Snapdragon X is different, though. For one, it doesn't use a licensed Arm Ltd design. The Oryon CPU is a completely in-house product, very much like Apple Silicon. It won't make it into real products until a good way into 2024, but just its announcement has me pumped. More pumped than in a long time.
ARM is the future of laptops; there's no doubt about that. And finally, it's a future most of us can be excited for. The claims from Qualcomm about performance, compared to not just Apple M2 but Intel's best, are mind-blowing. The efficiency of these things alone makes me want to get the first laptop with a Snapdragon X Elite that I can get my hands on. This quote from our Editor-in-Chief, Daniel Rubino, who was on hand at the launch, sums it up perfectly in the context of a next-gen Surface Pro.
Assuming Qualcomm’s numbers and no restrictions for tighter thermal constraints, Microsoft’s prized tablet PC could be more potent than the current gen Dell XPS 15 workstation and get better battery life than the iPad Pro.
Laptops have been getting thinner and more powerful, but battery life hasn't really been going up. We're all dreaming of an ultraportable laptop that can handle the workloads we'd put through a powerful desktop, all the while not needing to worry about carrying a charger. That moment, finally, looks possible.
Snapdragon X Elite also looks powerful enough to brute force any ARM/x86 software compatibility and performance constraints we've had to deal with to this point. It works in gaming, so there's no reason to believe it won't work outside of it.

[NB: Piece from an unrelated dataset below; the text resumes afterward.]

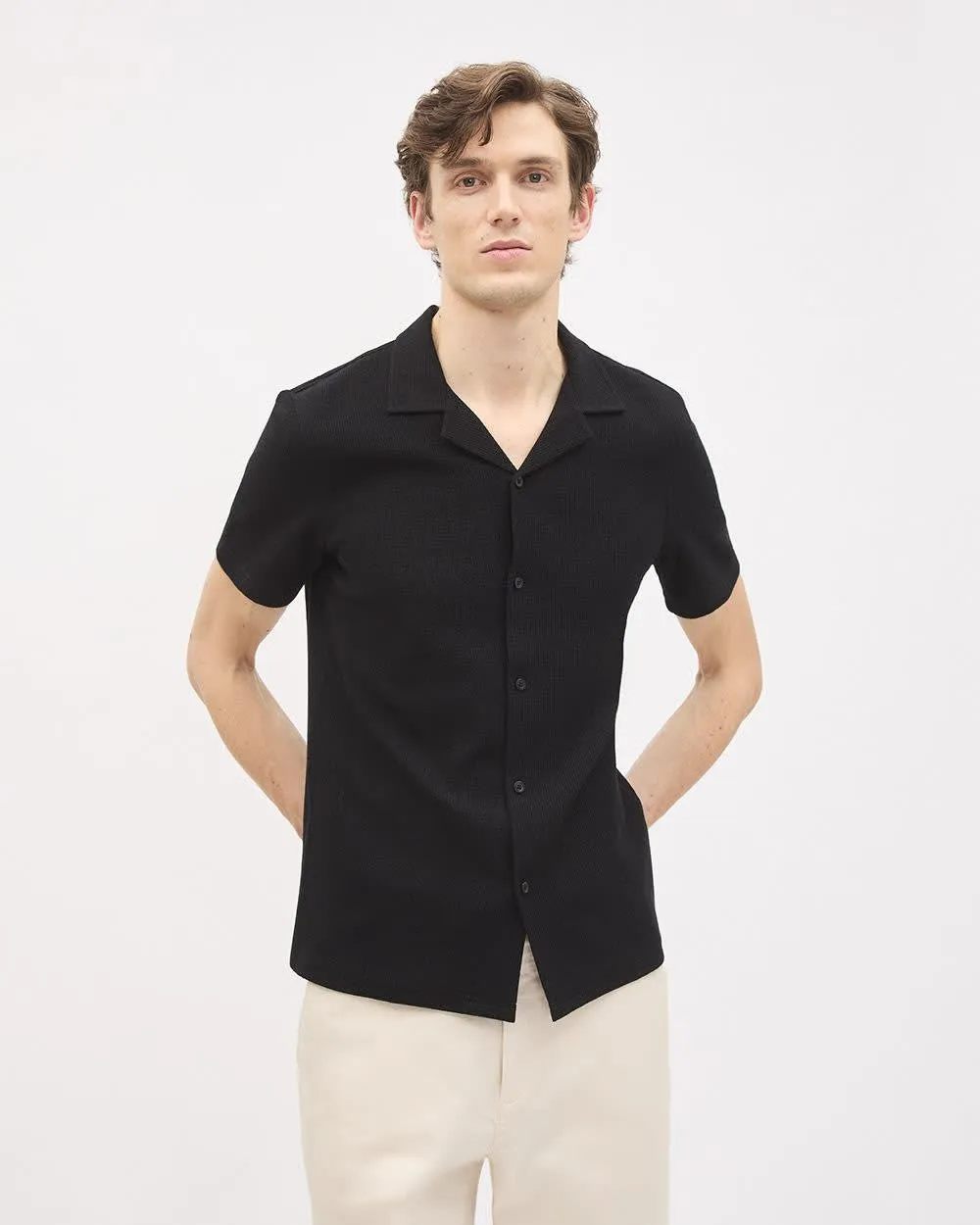 Slim Fit Short-Sleeve Knit Shirt with Camp Collar sold by RW&CO. product image thumbnail 5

ARM laptops that can game?
An ARM laptop that can actually game? Apple has proved it possible, but Windows has an enormous advantage in this space. The Snapdragon X Elite isn't just about that incredible Oryon CPU but also the Adreno GPU that will pair with it.
There are a couple of things that caught my eye that give me hope that a slim, ARM-powered laptop might also scratch my gaming itch in the future. The first is the 4.6 TFLOPS figure. This is more powerful than an Xbox Series S. It's not an apples-to-apples (pun intended) comparison, but it gives you some idea of how capable it will be. Creative workflows should also find great benefits from it.
It's DX12 compatible, as you'd hope, but right there at the bottom, it mentions upgradeable drivers. From a gaming perspective, this is crucial. How often does your NVIDIA/AMD/Intel graphics product get a "game ready" driver update for new titles? Obviously, current Qualcomm chips on Windows have drivers because everything needs a driver, but to see it highlighted like this caught my eye. With all this promised performance, could gamers start to benefit going forward as well? I sure hope so.
Exciting times ahead for Windows laptops
Admittedly, seeing a company get up on stage and put Apple back in its box is always fun. And no doubt Cupertino will fight back with its upcoming Halloween Mac event, promising more and using deliberately nondescript graphs to lure people in.
Based on what we've already heard, though, Qualcomm certainly has its ducks in a row when it comes to competing. Intel is also due to debut the 14th Gen laptop chips before the end of 2023, and we've also recently heard reports that AMD and NVIDIA will get into ARM when the Qualcomm exclusivity arrangement with Microsoft expires.
Laptops are going to get exciting again, and that's for everyone. While Snapdragon X Elite is leading the charge and will be for the higher-end devices, there will be others, more affordable, perhaps even more powerful options. Intel will have to keep pushing forward, and others are looking to join in the race. This really is the start of a seismic shift, and I'm here for it.